The diagonals of the trapezoid are mutually perpendicular and equal to 8 cm and 6 cm.

The diagonals of the trapezoid are mutually perpendicular and equal to 8 cm and 6 cm. Find the middle line of the trapezoid.

Let a trapezoid ABCD be given, the diagonals of which AC and BD are mutually perpendicular and AC = 8 cm, BD = 6 cm.

From vertex C we draw a straight line CK parallel to BD, we get a quadrilateral BCKD, which is a parallelogram, since:

* CK || ВD (by construction),

* ВC || DK (the segments lie on the parallel bases of the trapezoid ABCD).

In the parallelogram BCKD, the sides are CK = BD = 6 cm and DK = BC.

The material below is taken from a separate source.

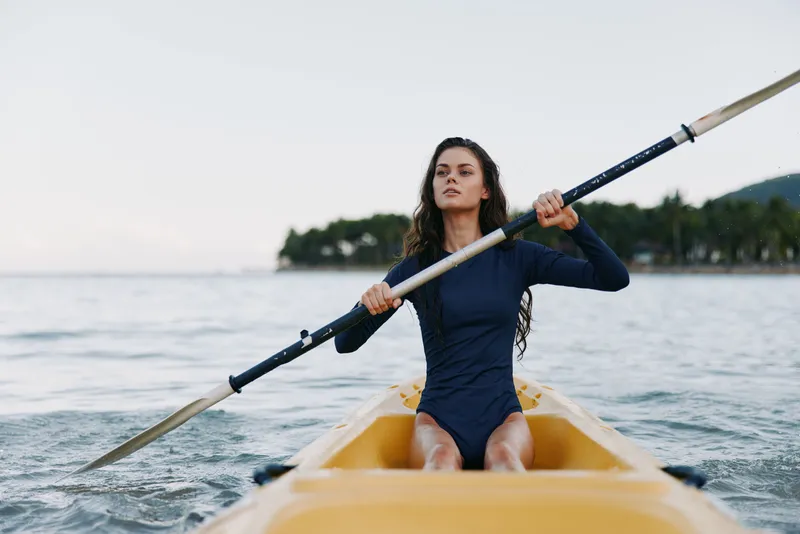 A young woman rows solo in a yellow rowboat on calm water, wearing a dark swimsuit, focused as she glides with the oar in hand.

In triangle ACK, side AK = AD + DK = AD + BC. The angle ACK is straight, since CK || BD and AC ⊥ BD, which means AC ⊥ CK.

By the Pythagorean theorem AK ^ ² = AC ^ ² + CK ^ ², we obtain:

AK ^ ² = 8 ^ ² + 6 ^ ²;

AK = 10 cm or AD + BC = 10 cm.

The middle line of the trapezoid MN is equal to the half-sum of the bases of the trapezoid:

MN = (AD + BC): 2; MN = 10: 2 = 5 (cm).

Answer: The middle line of the trapezoid is 5 cm long.